Les cardinaux, qui étoient au danger des Romains et qui ces paroles entendoient, n’étoient mie bien aises ni assurs de leurs vies ; et les apaisoient et abattoient leur ire ce qu’ils pouvoient. Et tant se monta celle chose et la félonnie des Romains que ceux qui plus prochains étoient du conclave, pour donner cremeur aux cardinaux et à celle fin qu’ils descendissent plutôt à leur volonté, rompirent par leur mauvaisté le conclave où les cardinaux étoient, et lors cuidèrent bien les cardinaux être tous morts, et s’enfuirent pour sauver leurs vies l’un deçà l’autre delà ; et les Romains ne se tinrent mie atant, mais mirent les cardinaux ensemble, voulsissent ou non, et leur dirent qu’ils feroient pape. Les cardinaux, qui se véoient au danger des Romains et en grand péril, s’en délivrèrent pour apaiser le peuple, nequedant, ils le firent par bonne élection[1] d’un moult saint homme cardinal et de la nation de Rome, et que Urbain V avoit fait cardinal et l’appeloit-on le cardinal de Saint-Pierre.

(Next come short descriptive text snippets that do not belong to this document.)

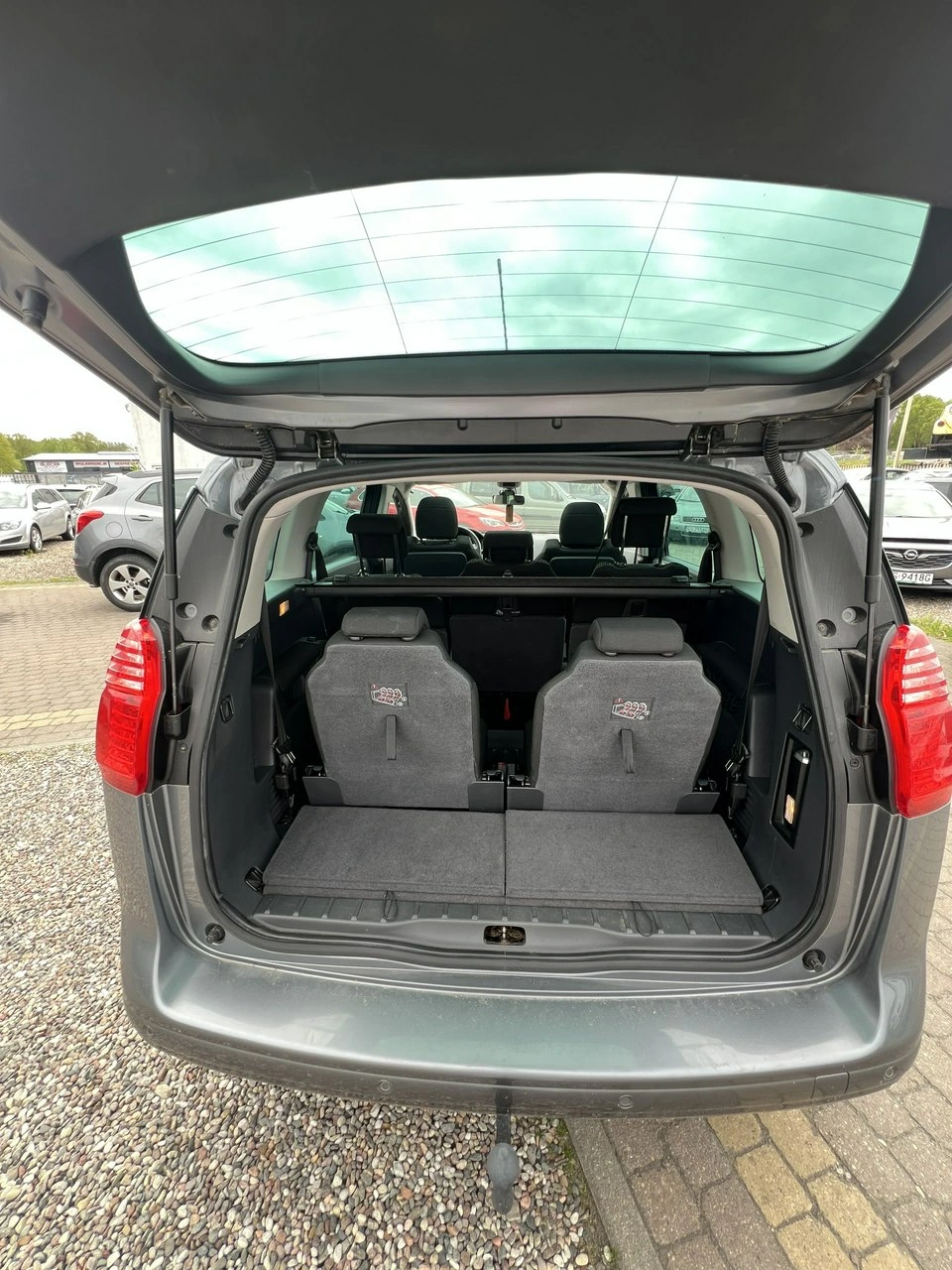 Peugeot 5008 - Zdjęcie 4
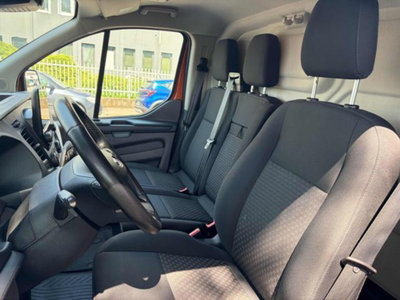 Ford Transit Custom Furgone 280 2.0 EcoBlue 170 PC Furgone Titanium (20)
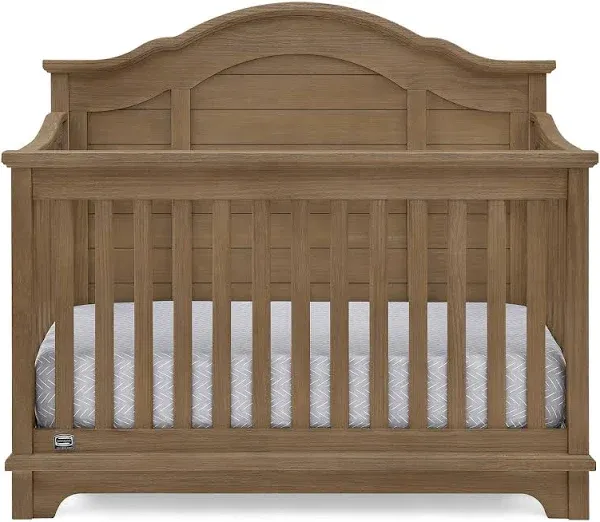 Delta Children Asher 6-in-1 Convertible Crib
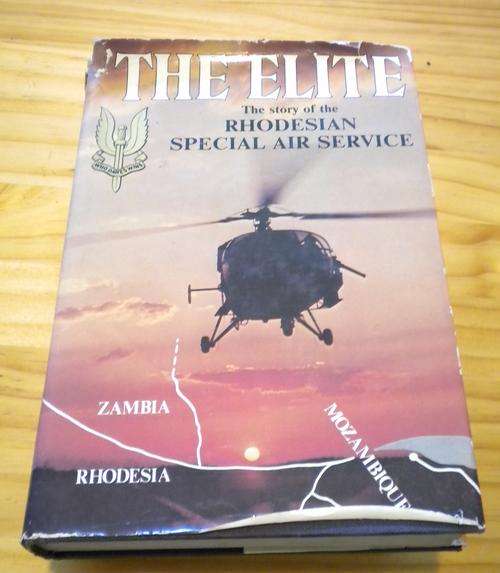 "THE ELITE" - The Story of the Rhodesian Special Air Service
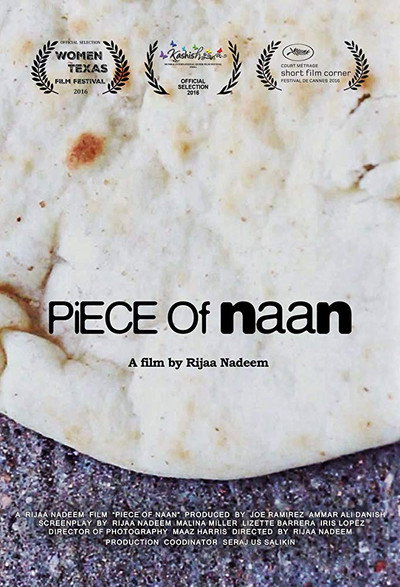 Póster de Piece of Naan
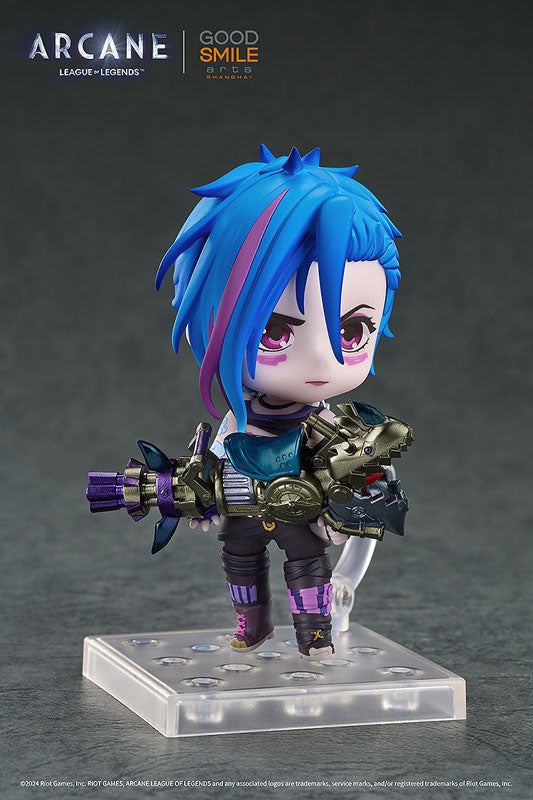 PRE ORDER – NENDOROID JINX ( ARCANE VER. )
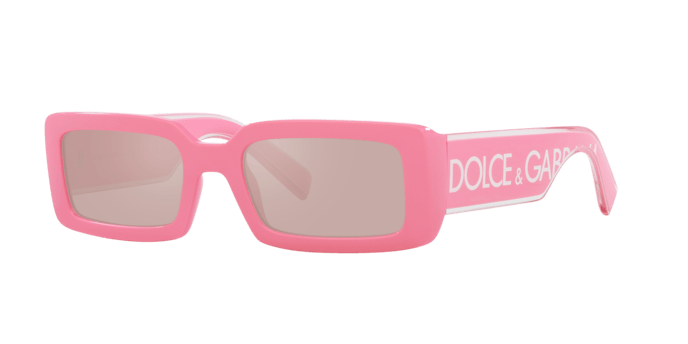 Dolce & Gabbana | 6187 | Pink - iKANDi Sunglasses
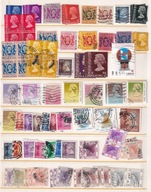 Honk Kong, kolonie mix, 2 skany, ciekawe /Cz duży/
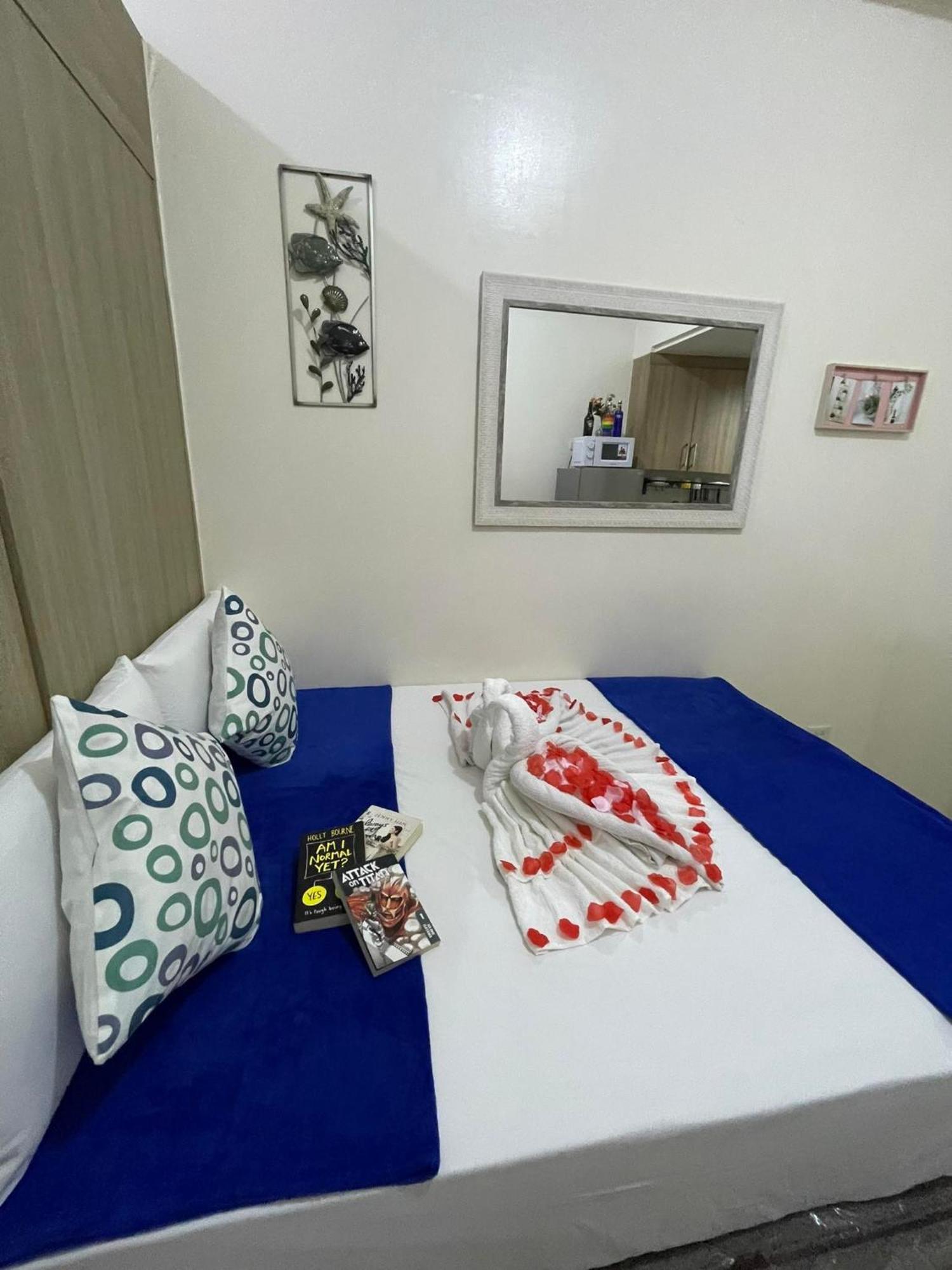 Shore Residences, Mall Of Asia Complex Stays By Pbyy Manila Bagian luar foto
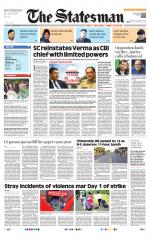 Delhi - The Statesman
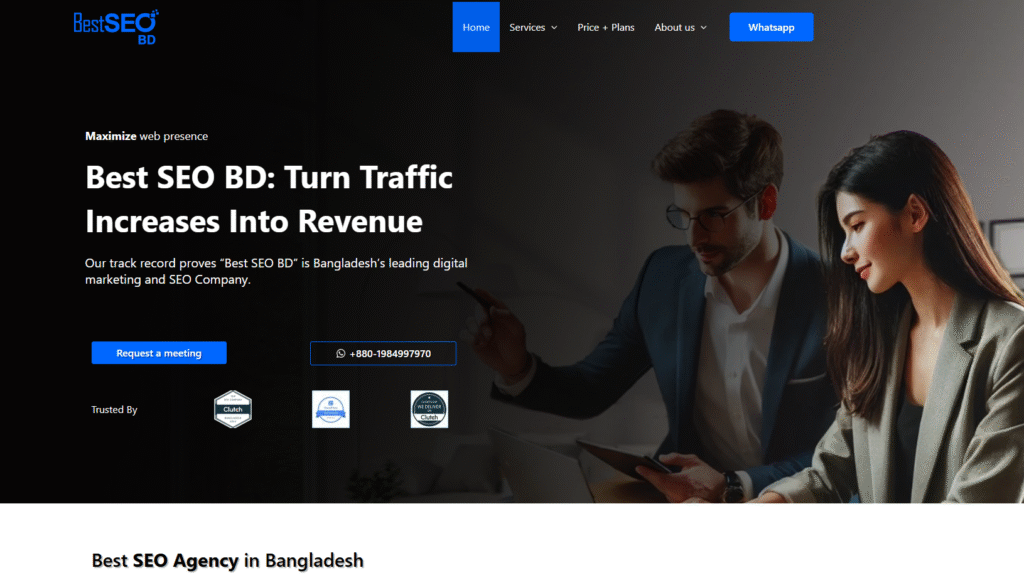 Best SEO BD local SEO Service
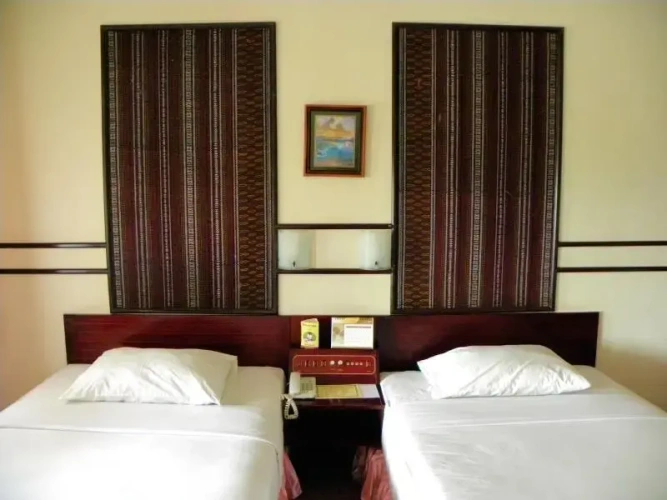 Superior Double room with view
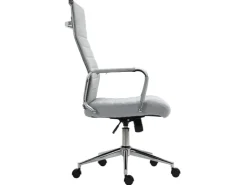 SVITA Office Comfort Bürostuhl Schreibtischstuhl Drehstuhl Hohe Rückenlehne Stoff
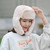 Winter Outdoor Pure Color Plush Warm Ear Cap Flight Cap, Hat Size:One Size(Khaki)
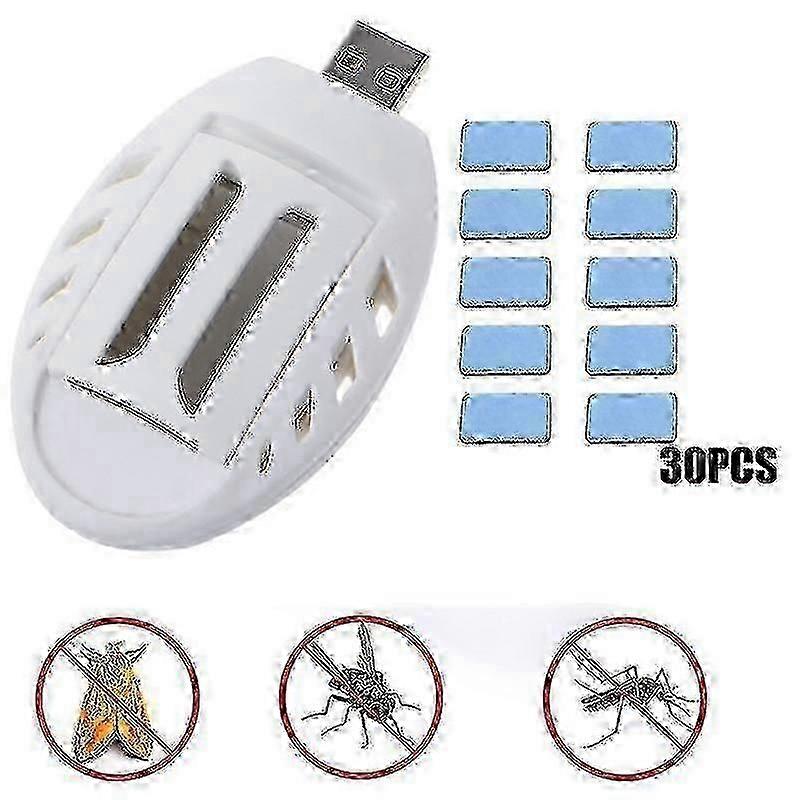 30pcs Repellent Mat - Thermacell Gas Refill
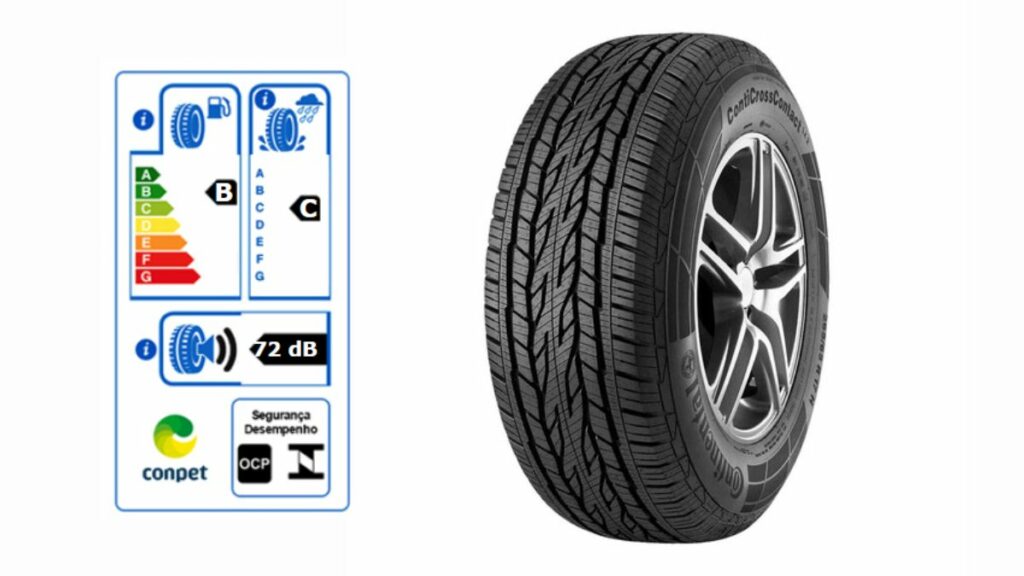Pneu 225/60 R17 Continental ContiCrossContact LX2 103H XL.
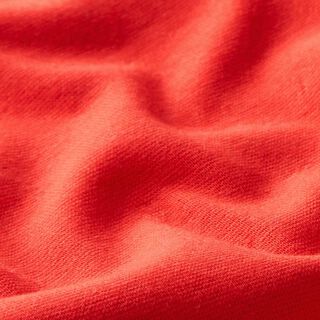 GOTS Cotton Ribbing | Tula – fire red, 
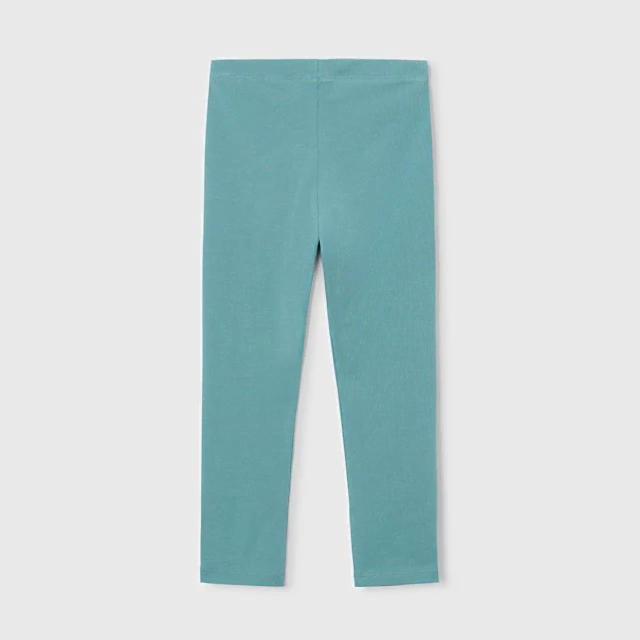 Mayoral Yazlık Kız Uzun Tayt Yeşil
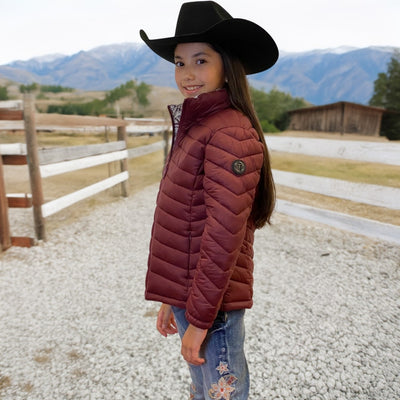 Tempco Girls Ruidoso Jacket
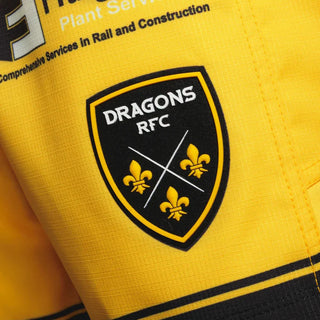 VX3 Dragons RFC 2025/26 Kids Home Rugby Shorts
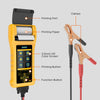 AUTOOL BT760 Car Battery Tester with Printer 6- 32V Color Screen Battery Test &amp; Cranking Test &amp; Charging Test &amp; Max Load Test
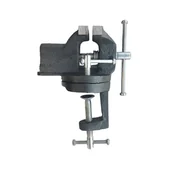 Imadła i ściski - AWTOOLS Aw Imadło Stołowe Obrotowe 50mm - miniaturka - grafika 1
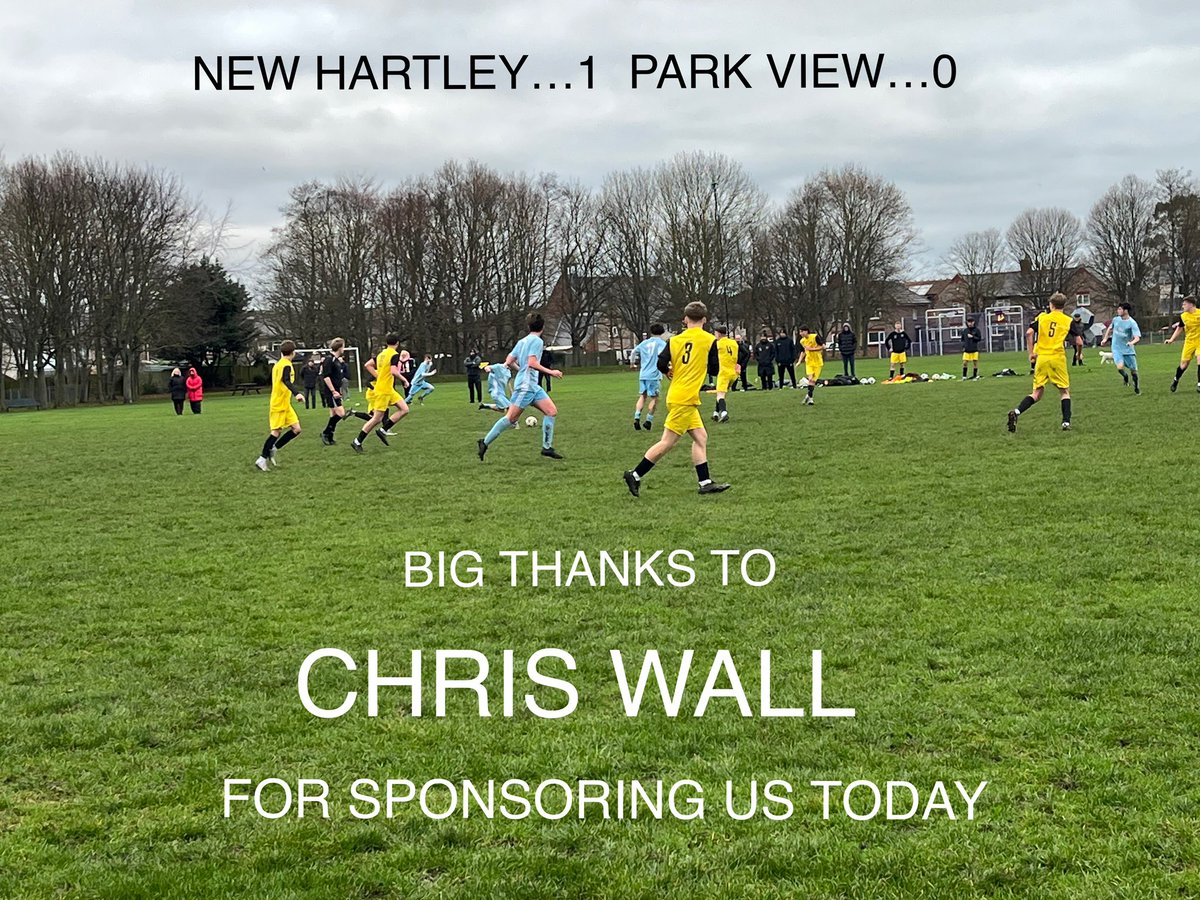 New Hartley Juniors (@newhartleyjrsfc) on Twitter photo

Cette élection plut grandement aux Romains, et eut là le prudom tous les droits de papalité ; mais il ne vesqui que trois jours. Je vous dirai pourquoi. Les Romains, qui désiroient à avoir un pape romain, furent si réjouis de ce pape que ils prirent le prudom, qui bien avoit cent ans, et le montèrent sus une blanche mule et le menèrent et le pourmenèrent tant parmi Rome en exaulçant leur mauvaisté et en montrant qu’ils avoient vaincu les cardinaux, quand ils avoient un pape romain, que il fut tant travaillé que, du dérompement, et de la peine et grand’angoisse que il en eut, au tiers jour il s’alita et mourut. Si fut ensepveli en l’église Saint-Pierre de Rome, et là gît.


CHAPITRE XXI.


Des orgueilleuses paroles que les Romains disoient à l’élection du pape.


De la mort de ce pape les cardinaux furent tous courroucés, car ils véoient bien que la chose iroit mal ; car, ce pape vivant, les cardinaux avoient avisé que ils dissimuleroient entre les Romains deux ou trois ans et mettroient le siége ailleurs que à Rome, à Naples ou à Gennes, hors du danger des Romains ; et ainsi comme ils avoient proposé il en fût advenu ; mais par sa mort fut tout rompu. Donc se remirent au conclave les cardinaux en plus grand péril que devant, car les Romains s’assemblèrent tous au bourg Saint-Pierre devant le conclave, et montrèrent par semblant que ils vouloient tout briser et tout occire si il n’allait à leur volonté, et disoient aux cardinaux en écriant par dehors le conclave : « Avisez-vous, avisez-vous, seigneurs cardinaux, et nous baillez un pape romain, qui nous demeure, ou autrement nous vous ferons les têtes plus rouges que vos chapeaux ne sont. »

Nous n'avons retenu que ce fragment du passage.